Gli storici ricordano spesso la delegittimazione costante che  il sistema politico italiano ha subito da parte  dell’intellighenzia già all’indomani del processo di unificazione. Lo Statuto albertino, il Parlamento, la competizione dei partiti sono sempre apparsi come mere ‘sovrastrutture’, specchietti per le allodole  volti a dare dignità a una classe politica sostanzialmente corrotta e incompetente. Purtroppo la storia si ripete puntualmente ogni volta che va al governo una coalizione che non incontra il favore della ‘classe dei colti’.

In questi momenti, scatta l’SOS dei custodi dei ‘valori alti’ con la denuncia—cito dall’Appello di Umberto Eco del 2006—della <fatale involuzione della nostra democrazia>, dello <scempio che si è fatto delle leggi, della divisione dei poteri, del senso stesso dello Stato>, di un’Italia che sarà <per cinque anni territorio di rapina da parte di difensori dei loro interessi privati>. I sentimenti, come i ‘gusti’, non si discutono ma si registrano. E tuttavia da chi ha scelto <la scienza come professione> si pretende, per lo meno, la conservazione della memoria storica. Quando si leggono le stanche litanie del <mai, prima d’ora…>, si dimentica che, in tutta la Prima Repubblica, gli studiosi e i comuni cittadini che s’interessavano alle vicende politiche del paese erano sconcertati dal fatto che ogni crisi di governo minacciava di diventare una crisi di regime. Chi ha superato il mezzo secolo di vita ricorda bene una delegittimazione del partito di maggioranza che spesso e volentieri investiva la rispettabilità personale di ministri e deputati democristiani. Dai ‘forchettoni’ delle campagne elettorali degli anni cinquanta si passava ai ‘capracottari’ al tempo del delitto Montesi, quando una figura di grande prestigio come Attilio Piccioni venne costretto a dimettersi per l’implicazione, mai dimostrata, del figlio in uno scandalo presentato, chissà perché, <di regime>.

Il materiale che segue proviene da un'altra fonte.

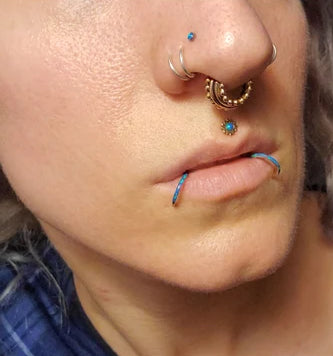 Facial piercing inspiration featuring BM25's Blue fire opal rings and studs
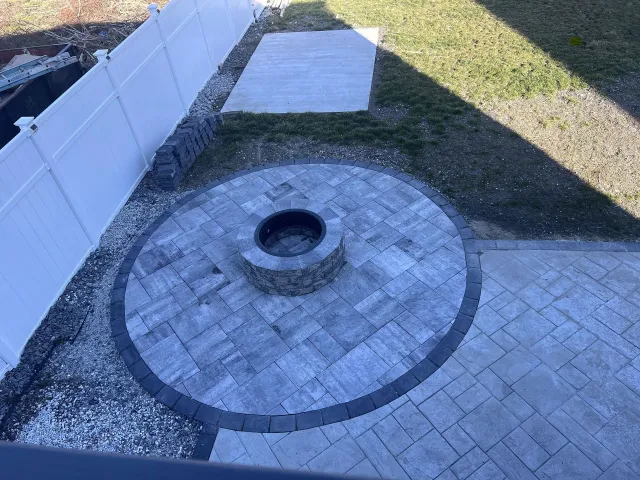 After: Circular fire pit patio with paver walkway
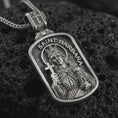Load image into Gallery viewer, Oxidized Saint Barbara pendant necklace on textured volcanic rock, close-up studio shot highlighting the saint relief, cross, tower detail, and dark antique silver contrast.
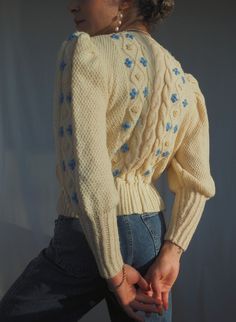 a woman in jeans and a sweater is holding her hands behind her back as she poses for the camera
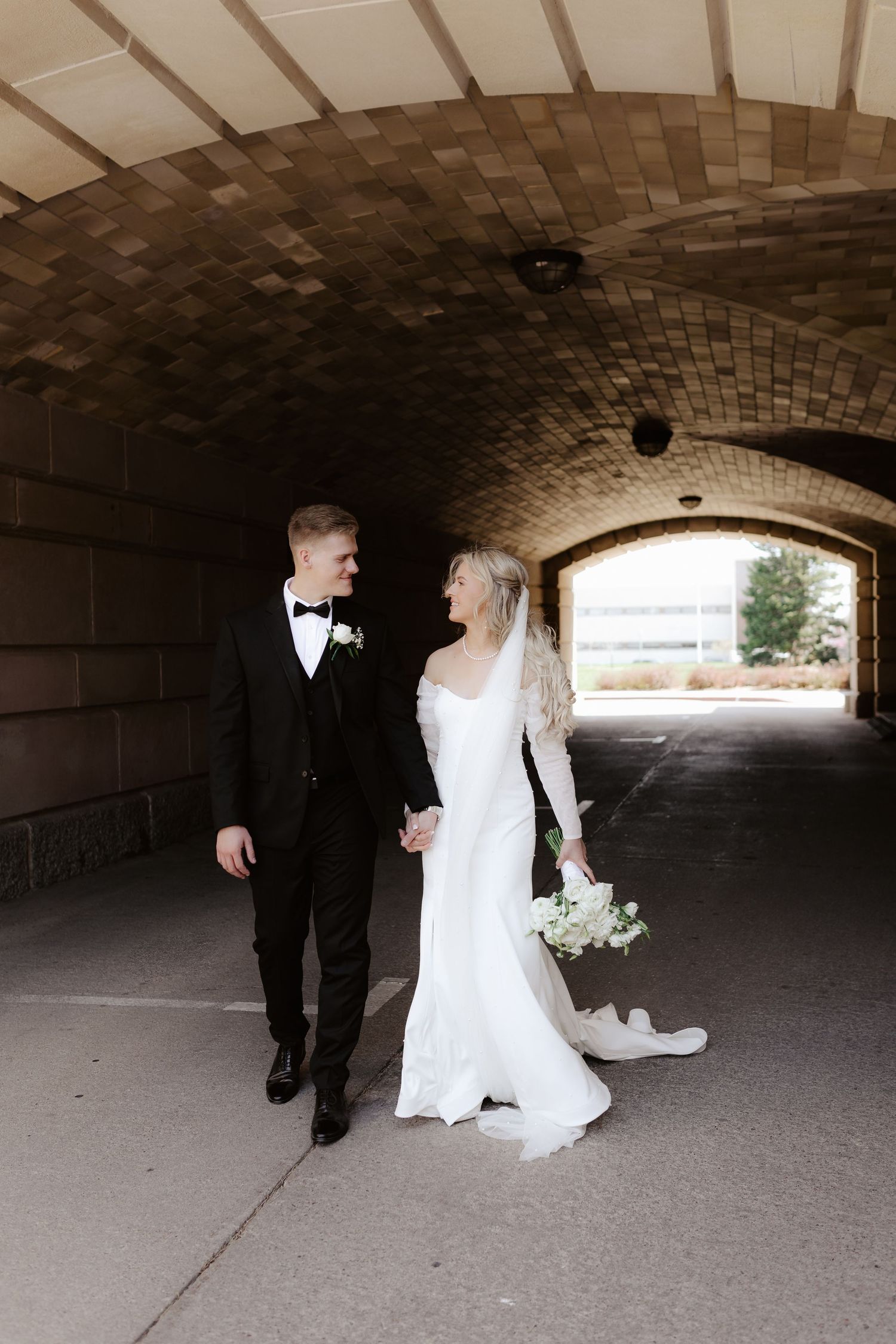 A wedding couple walks progressively through a stone brick tunnel at the Nebraska State Capitol building in Lincoln.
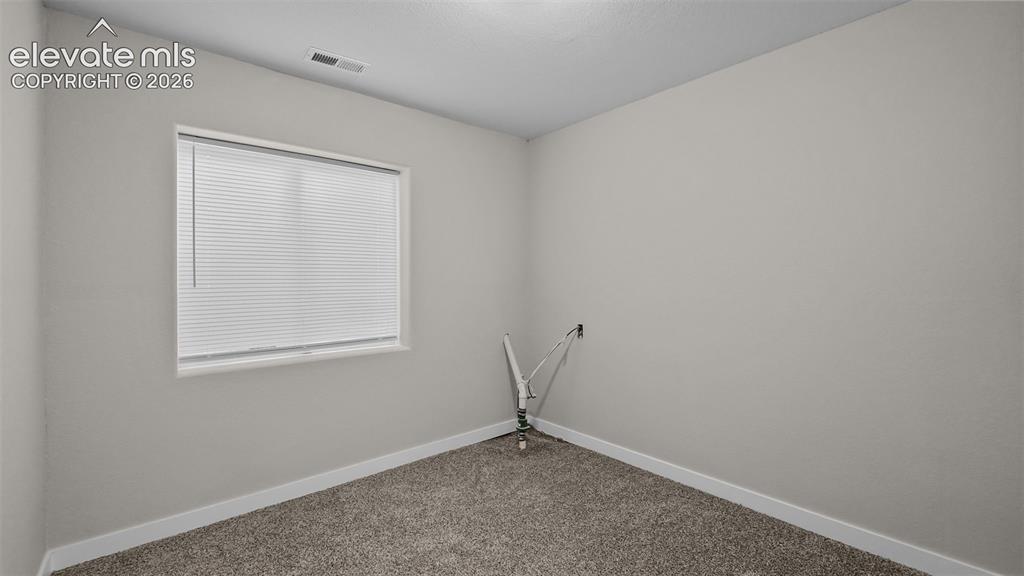 Image 32 of 47: Window with blinds, wall-to-wall carpeting, and neutral wall tones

 Ci sono però tre differenze non da poco tra le due delegittimazioni, quella antidemocristiana della Prima Repubblica e quella antiberlusconiana della Seconda. La prima è ‘ideologica’: ad ispirare la delegittimazione postbellica era un partito (e, per alcuni anni,i due partiti del ‘fronte popolare’) paralizzato dal fattore K ovvero da valori e concezioni del mondo incompatibili con la cultura politica richiesta, in una democrazia liberale, a tutti gli attori politici, di destra e di sinistra. La seconda differenza è ‘sociologica’: fino agli anni ottanta, il partito d’opposizione poteva contare sui compatti battaglioni sindacali, su una classe operaia forte e diffusa sul territorio, su una rete di pubblicisti e di docenti universitari formatisi sui testi sacri del gramscismo e del marxleninismo. La terza differenza riguarda i ‘costumi’: come hanno fatto rilevare Ernesto Galli della Loggia ed altri storici delle ‘mentalità’, nell’Italia di Peppone e di don Camillo, vi erano ‘valori’ di fondo (un ‘basso continuo’, per dirla con gli antropologi) comuni alle due ‘chiese’ in competizione, la laica (comunista) e la cattolica (democristiana). Un vecchio militante comunista del quartiere operaio di Sestri Ponente, un aficionado del mio corso di ‘Storia del pensiero politico’, mi ha riferito recentemente un episodio degli anni sessanta al quale aveva assistito  nella sua sezione. Un compagno ‘della base’, intervenuto in un dibattito per criticare un dirigente genovese, fu messo a tacere con le parole:<Che comunista sei tu che, lo sappiamo tutti, tradisci tua moglie!>.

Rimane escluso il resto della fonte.